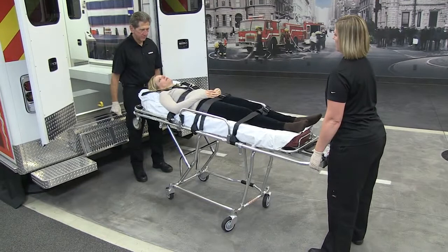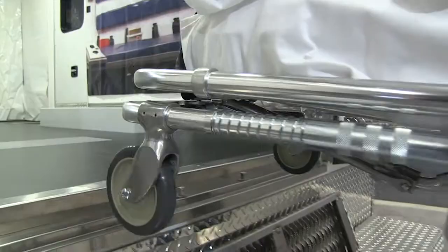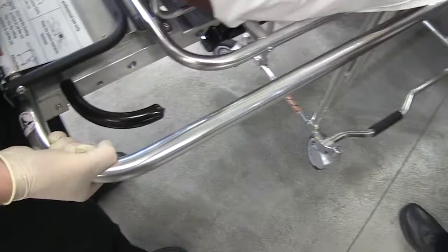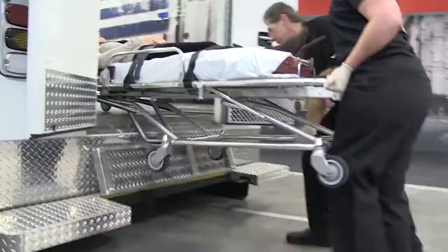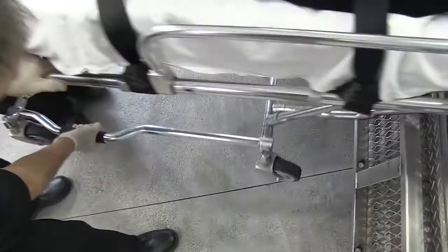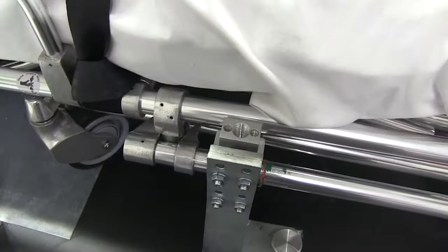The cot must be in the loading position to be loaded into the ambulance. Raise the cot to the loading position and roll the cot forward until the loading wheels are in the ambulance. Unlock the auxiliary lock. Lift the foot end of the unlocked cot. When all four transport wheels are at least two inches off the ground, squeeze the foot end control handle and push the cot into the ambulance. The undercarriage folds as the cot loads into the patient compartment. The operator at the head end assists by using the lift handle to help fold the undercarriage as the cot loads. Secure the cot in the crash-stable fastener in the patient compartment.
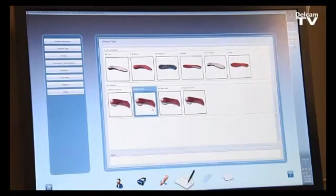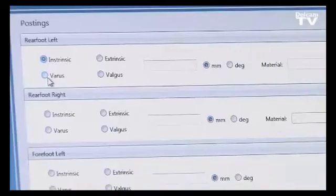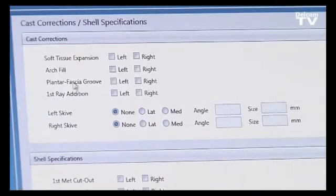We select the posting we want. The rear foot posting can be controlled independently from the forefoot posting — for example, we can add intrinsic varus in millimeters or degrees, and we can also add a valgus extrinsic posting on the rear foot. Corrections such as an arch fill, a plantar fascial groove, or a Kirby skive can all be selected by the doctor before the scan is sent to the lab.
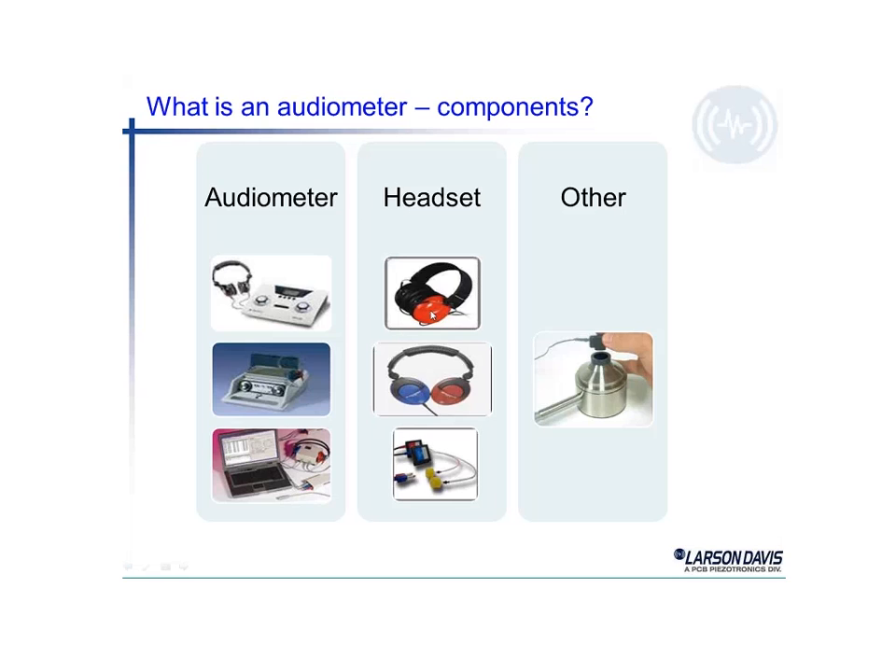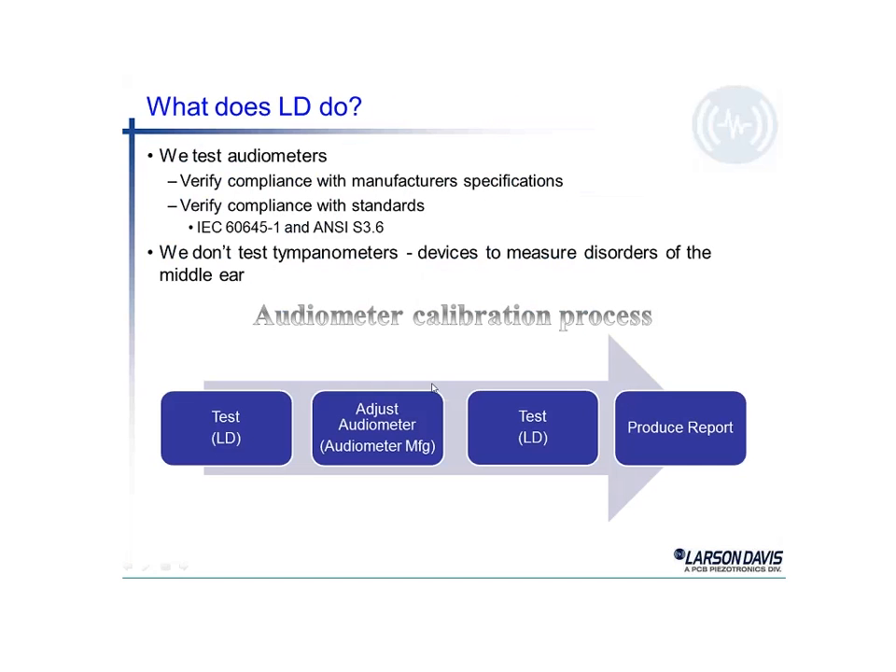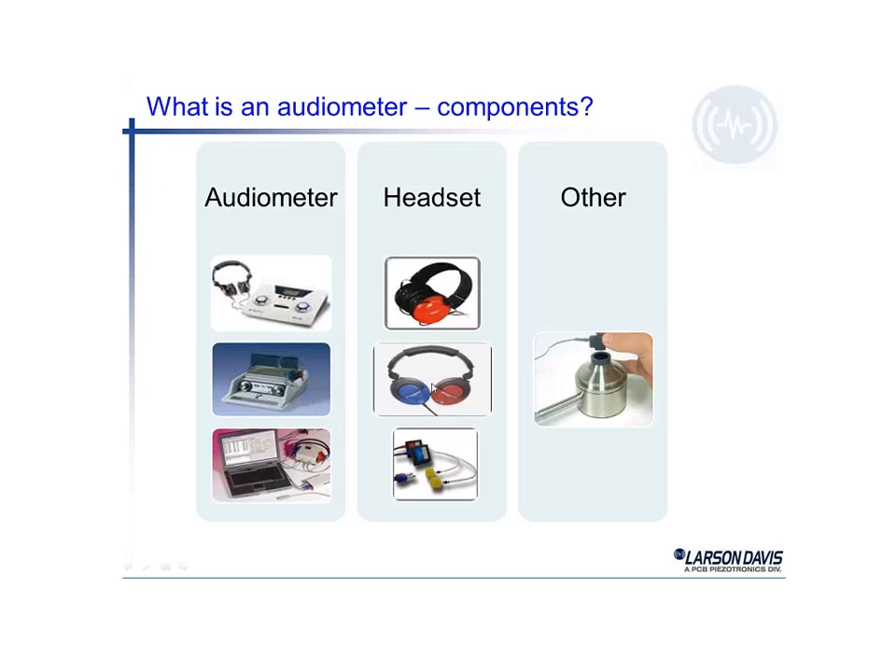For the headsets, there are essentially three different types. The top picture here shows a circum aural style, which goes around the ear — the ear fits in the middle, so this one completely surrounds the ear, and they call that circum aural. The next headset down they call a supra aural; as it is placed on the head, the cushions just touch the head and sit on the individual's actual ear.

* * *

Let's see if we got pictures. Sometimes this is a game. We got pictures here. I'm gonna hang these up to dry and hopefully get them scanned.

#### [The problem]
After locating the line containing "We select the" in the entries above, return it and every line after it exactly, ending at the line containing "For the headsets, there", without pictures.

#### [Answer area]
We select the posting we want. The rear foot posting can be controlled independently from the forefoot posting — for example, we can add intrinsic varus in millimeters or degrees, and we can also add a valgus extrinsic posting on the rear foot. Corrections such as an arch fill, a plantar fascial groove, or a Kirby skive can all be selected by the doctor before the scan is sent to the lab.
For the headsets, there are essentially three different types. The top picture here shows a circum aural style, which goes around the ear — the ear fits in the middle, so this one completely surrounds the ear, and they call that circum aural. The next headset down they call a supra aural; as it is placed on the head, the cushions just touch the head and sit on the individual's actual ear.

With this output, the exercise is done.